DESCRIPTION OF THE TASK:
Would you transcribe the whole listing exactly, minus its pictures?

TASK DATA:

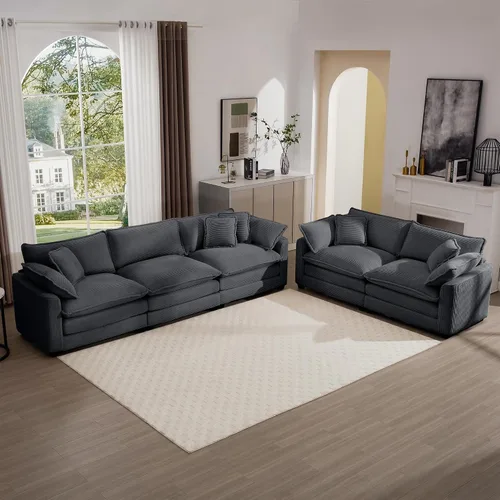 Miniatura 9 de Juego de sofá de 2 piezas de gran tamaño para sala de estar, sofá biplaza y sofá individual, asiento modular modular profundo de pana cómodos sofás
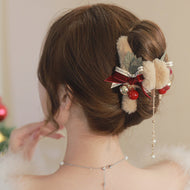 Elegant Christmas Hair Clip Furry Christmas Claw | Hair Claw Clips with Pearl Dangling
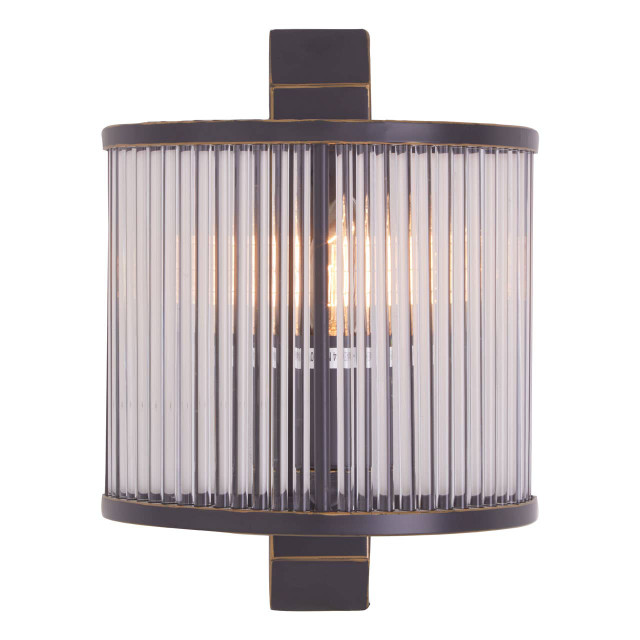 Premier Housewares Salasco Glass Wall Light With Black Finish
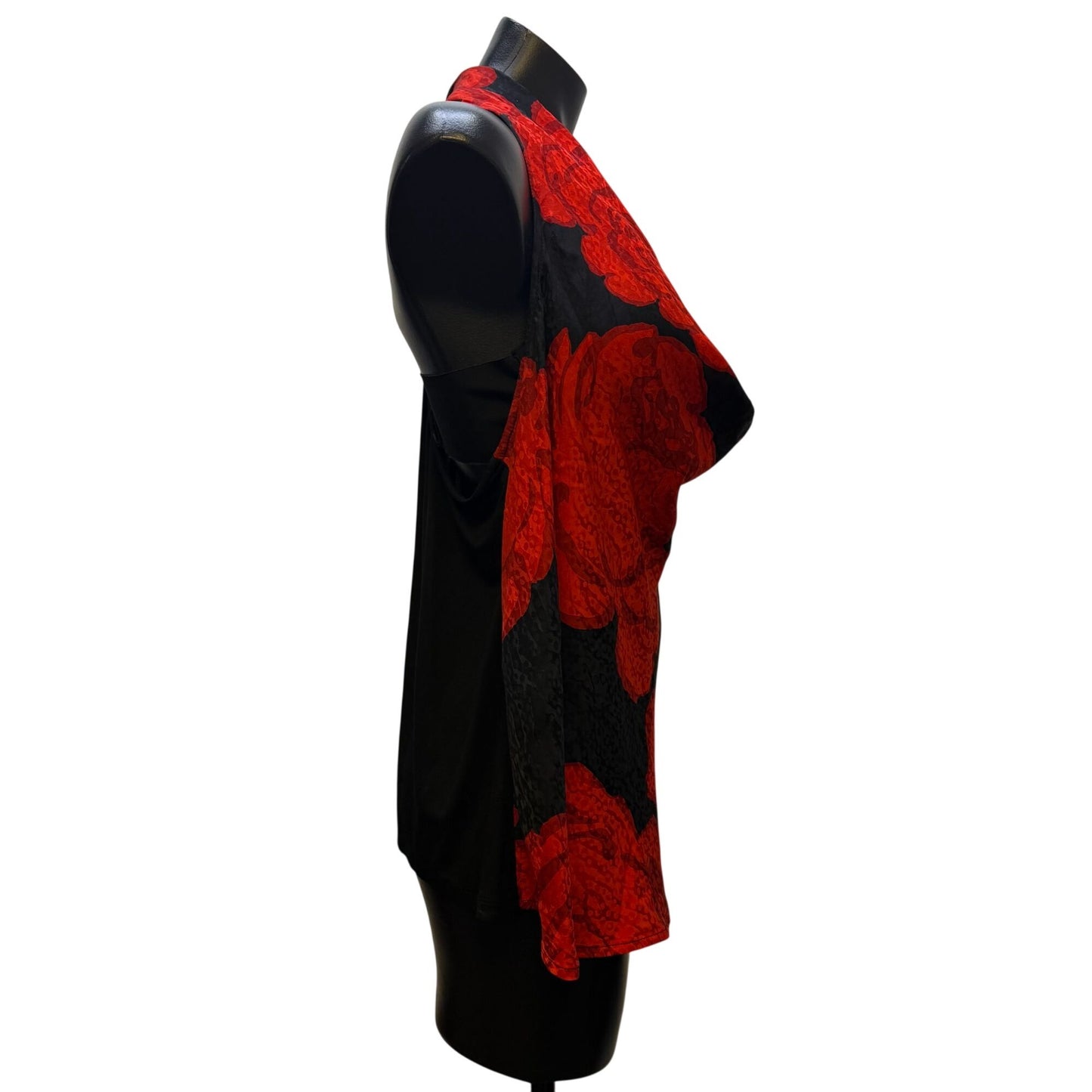 Trina Turk Silk Blend Cowl Neck Sleeveless Blouse Red & Black Floral XL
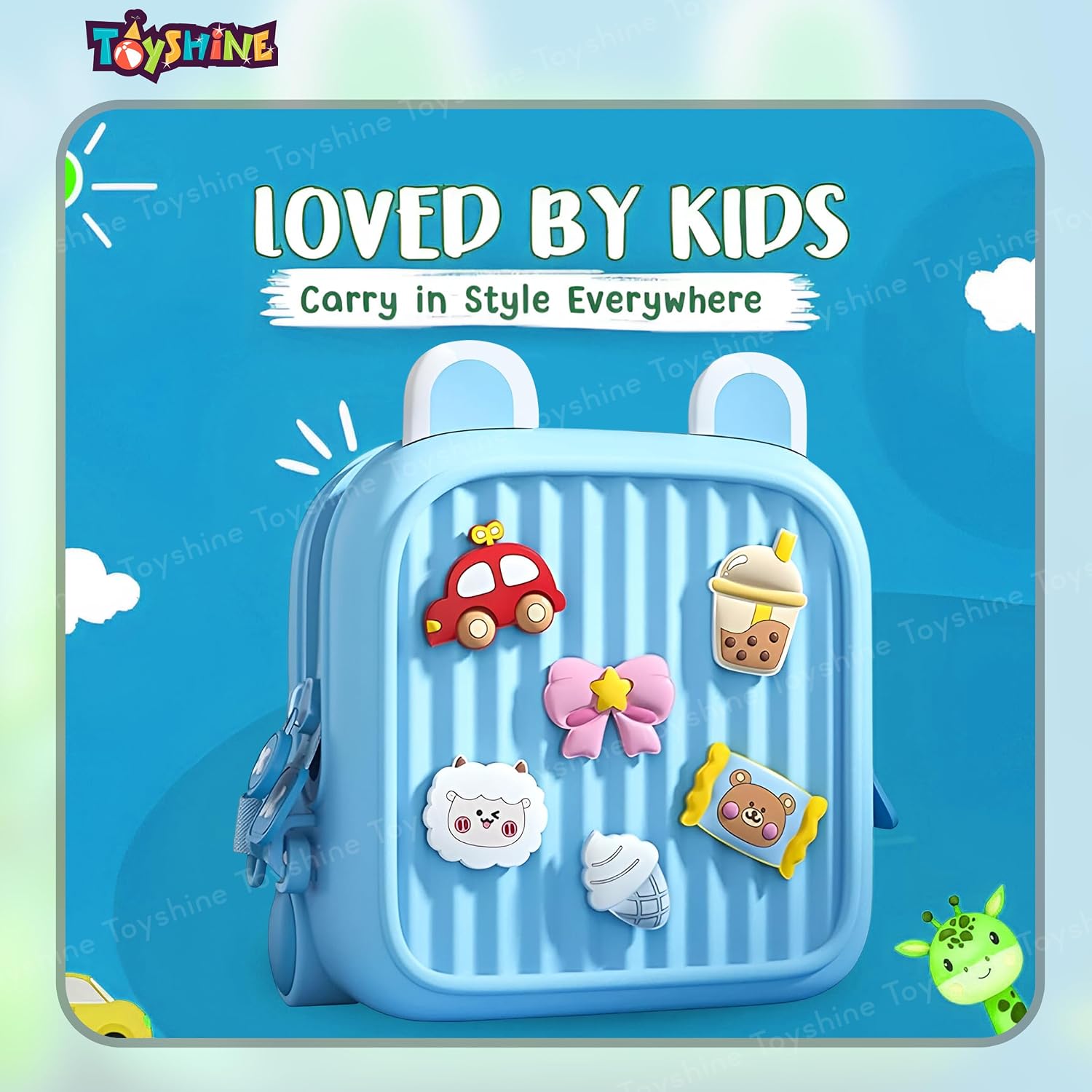 NestCharm kids backpack lifestyle banner, "Loved By Kids, Carry In Style Everywhere"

REPLY:
 Miniatura 9 de Juego de sofá de 2 piezas de gran tamaño para sala de estar, sofá biplaza y sofá individual, asiento modular modular profundo de pana cómodos sofás
 Elegant Christmas Hair Clip Furry Christmas Claw | Hair Claw Clips with Pearl Dangling
 Premier Housewares Salasco Glass Wall Light With Black Finish
 Trina Turk Silk Blend Cowl Neck Sleeveless Blouse Red & Black Floral XL
 NestCharm kids backpack lifestyle banner, "Loved By Kids, Carry In Style Everywhere"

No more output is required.